Earlier this week, the Spanish daily El Pais reported that the Venezuelan government had deployed troops to the border with Guyana.
Saint Vincent and the Grenadines PM Ralph Gonsalves, who also serves as president pro tempore of the Community of Latin American and Caribbean States (CELAC), broke the news after speaking with Maduro on Saturday, saying the negotiations would take place on Thursday.
The Venezuelan government has confirmed the planned talks, saying they hoped to “preserve our aspiration to maintain Latin America and the Caribbean as a zone of peace.”
The Office of the President of Guyana, for its part, stressed that “Guyana’s land boundary is not up for discussion.”
Also on Saturday, Brazilian President Luiz Inacio Lula da Silva spoke with Maduro, calling for dialogue and warning against unilateral measures that could escalate the situation. The Brazilian head of state has also been invited to take part in Thursday’s talks as an observer.

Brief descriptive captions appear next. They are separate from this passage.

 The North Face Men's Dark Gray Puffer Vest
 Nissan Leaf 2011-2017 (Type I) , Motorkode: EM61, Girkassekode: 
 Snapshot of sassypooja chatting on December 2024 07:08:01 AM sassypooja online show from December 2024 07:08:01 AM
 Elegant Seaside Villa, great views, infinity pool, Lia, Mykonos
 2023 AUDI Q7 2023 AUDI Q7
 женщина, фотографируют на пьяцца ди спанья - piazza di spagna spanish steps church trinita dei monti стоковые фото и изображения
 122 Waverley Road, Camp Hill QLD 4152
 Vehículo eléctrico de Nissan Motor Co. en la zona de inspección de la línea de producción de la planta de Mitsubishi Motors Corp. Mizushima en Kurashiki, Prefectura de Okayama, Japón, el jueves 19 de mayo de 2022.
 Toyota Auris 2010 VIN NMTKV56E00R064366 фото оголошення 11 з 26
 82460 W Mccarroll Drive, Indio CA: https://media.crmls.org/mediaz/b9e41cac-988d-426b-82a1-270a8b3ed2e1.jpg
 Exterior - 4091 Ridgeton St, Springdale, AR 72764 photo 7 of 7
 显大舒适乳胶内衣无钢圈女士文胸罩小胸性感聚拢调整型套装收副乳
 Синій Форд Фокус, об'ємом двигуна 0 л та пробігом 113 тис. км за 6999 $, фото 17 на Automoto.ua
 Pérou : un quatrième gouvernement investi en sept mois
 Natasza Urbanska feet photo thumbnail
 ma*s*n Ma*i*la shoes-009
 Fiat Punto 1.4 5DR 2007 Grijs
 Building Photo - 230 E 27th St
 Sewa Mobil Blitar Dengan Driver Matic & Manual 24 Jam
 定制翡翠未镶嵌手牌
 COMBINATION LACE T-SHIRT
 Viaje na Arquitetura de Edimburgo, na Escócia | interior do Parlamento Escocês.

Speaking on Tuesday, the Venezuelan president said Caracas wanted the “peaceful rescue of the Guayana Esequiba,” which “has been de facto occupied by the British Empire and its heirs and they have destroyed the area.” Maduro also unveiled a new map of Venezuela that incorporates the disputed territory, and appointed a new governor to the region.
Guyanese President Irfaan Ali, in turn, gave a televised address to the nation, accusing Venezuela of attempting to annex more than two thirds of his country.
“This is a direct threat to Guyana’s territorial integrity, sovereignty, and political independence, and a violation of fundamental principles of international law,” the leader stressed.
“The Guyana Defense Force is on high alert... Venezuela has clearly declared itself an outlaw nation,” Ali added.
The recent escalation followed Sunday’s referendum, in which 10.4 million Venezuelan voters backed Caracas’ claim to Guayana Esequiba.
The territorial dispute stems from the US’ decision in 1899 to assign the territory to what was then British Guiana – a move Venezuela never accepted as legitimate.